**PROMPT**. Hand back all records exactly, pictures omitted.

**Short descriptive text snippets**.
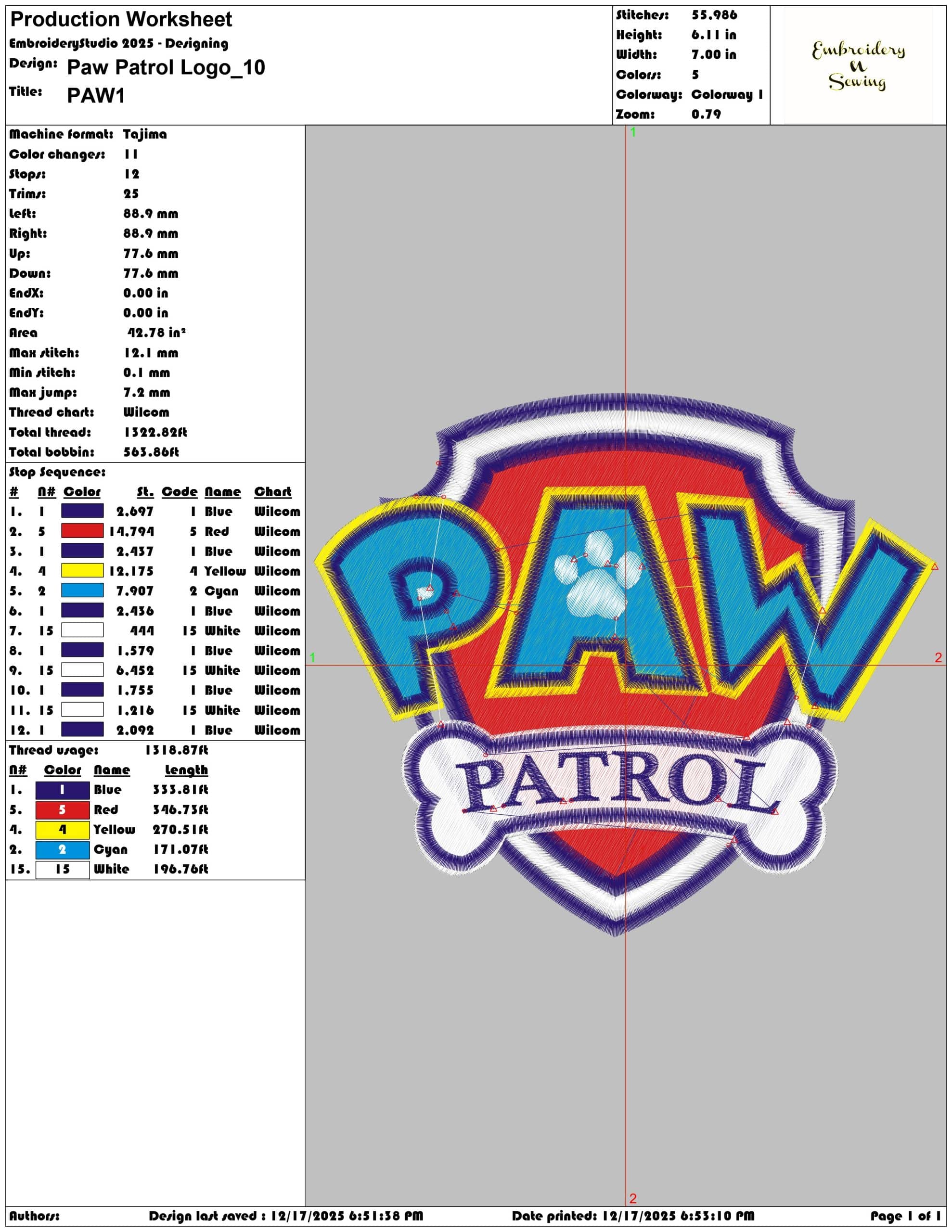 Paw Patrol Logo- Elegant embroidery design file - instant download — view 3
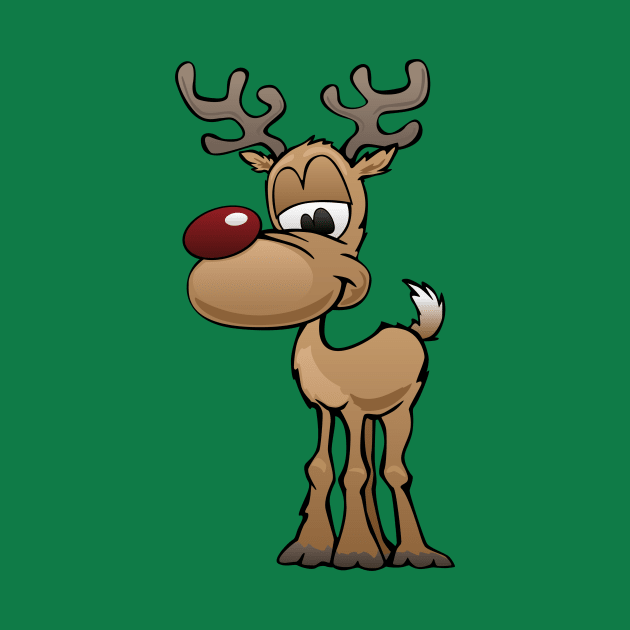 Cute Christmas Reindeer Cartoon by hobrath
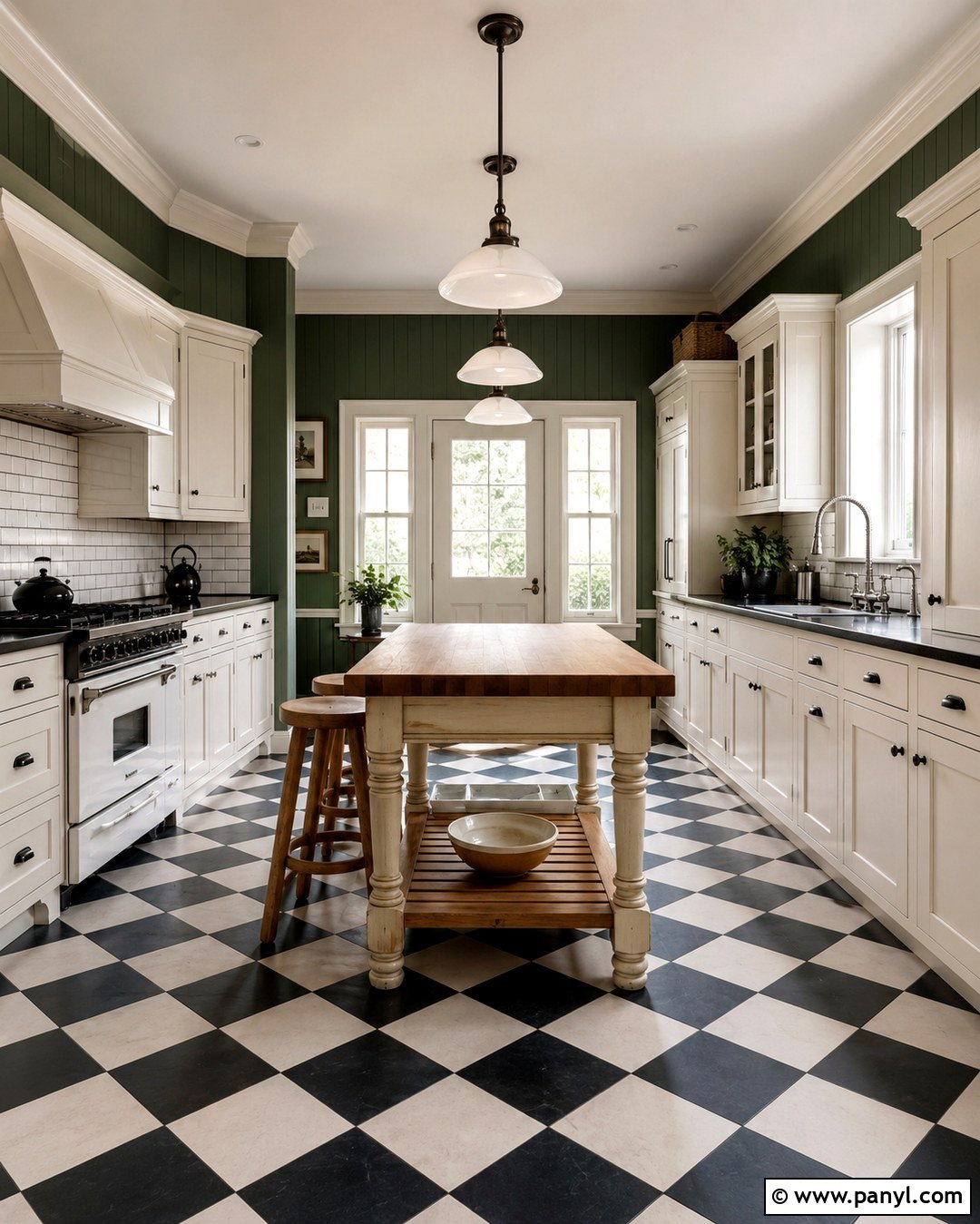 Green Walls With Black And White Checkerboard Floor - 20 Black And White Kitchen With Green Walls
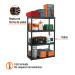 Estante plástico 4 repisas capacidad 70kg, 91x43x142, TRUPER
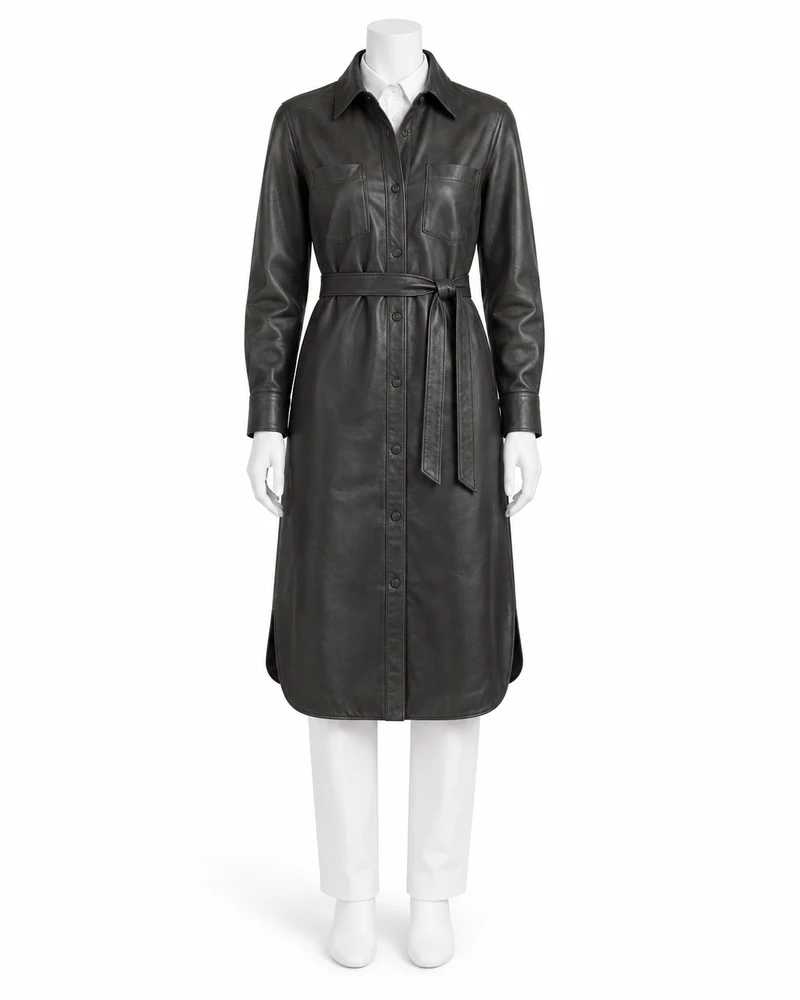 Charcoal Long-Sleeve Belted Shirt Leather Dress
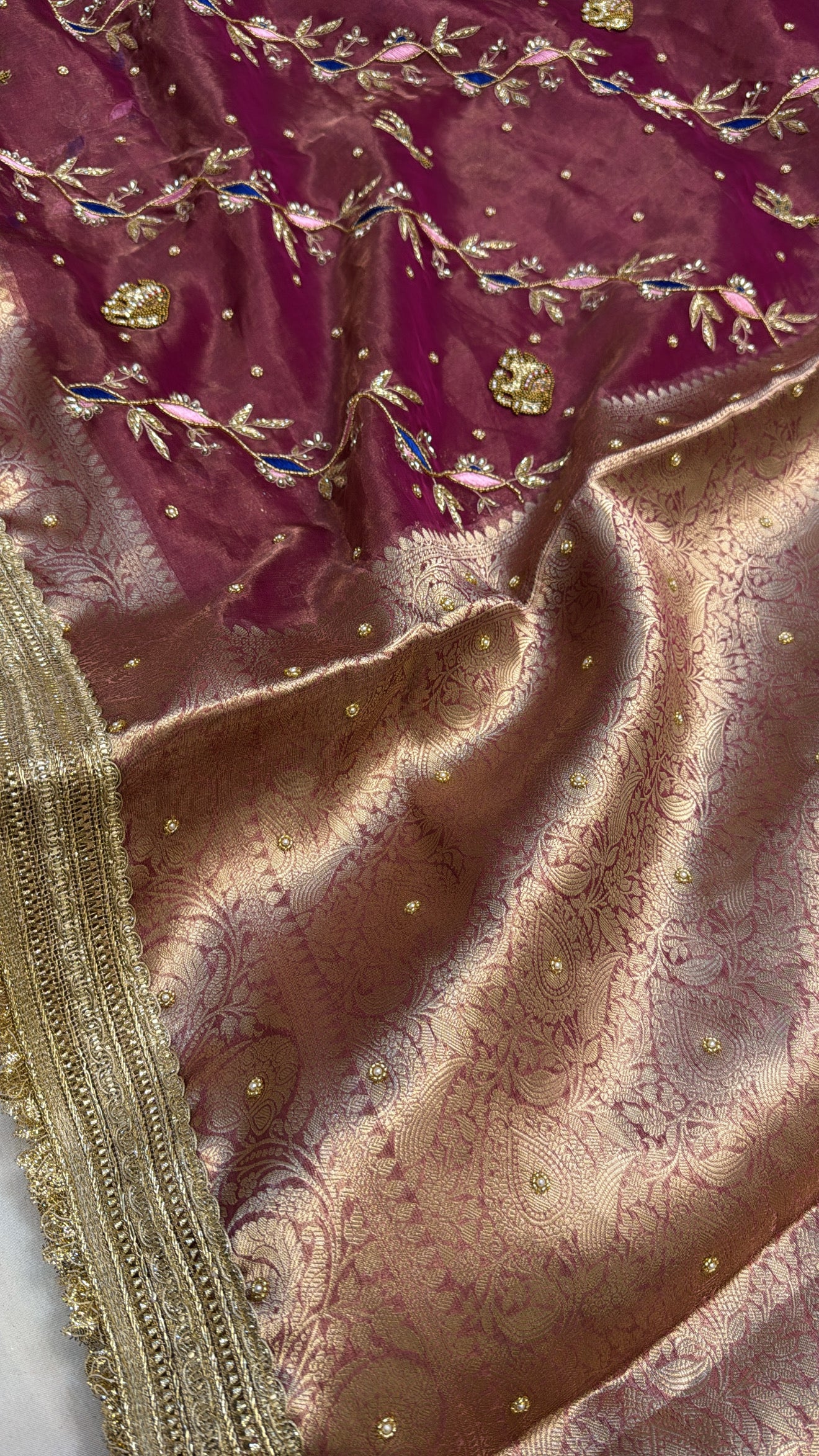 Grapewine purple elephant motif tissue silk hand embroidered kadhwa saree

**FINAL ANSWER**.
 Paw Patrol Logo- Elegant embroidery design file - instant download — view 3
 Cute Christmas Reindeer Cartoon by hobrath
 Green Walls With Black And White Checkerboard Floor - 20 Black And White Kitchen With Green Walls
 Estante plástico 4 repisas capacidad 70kg, 91x43x142, TRUPER
 Charcoal Long-Sleeve Belted Shirt Leather Dress
 Grapewine purple elephant motif tissue silk hand embroidered kadhwa saree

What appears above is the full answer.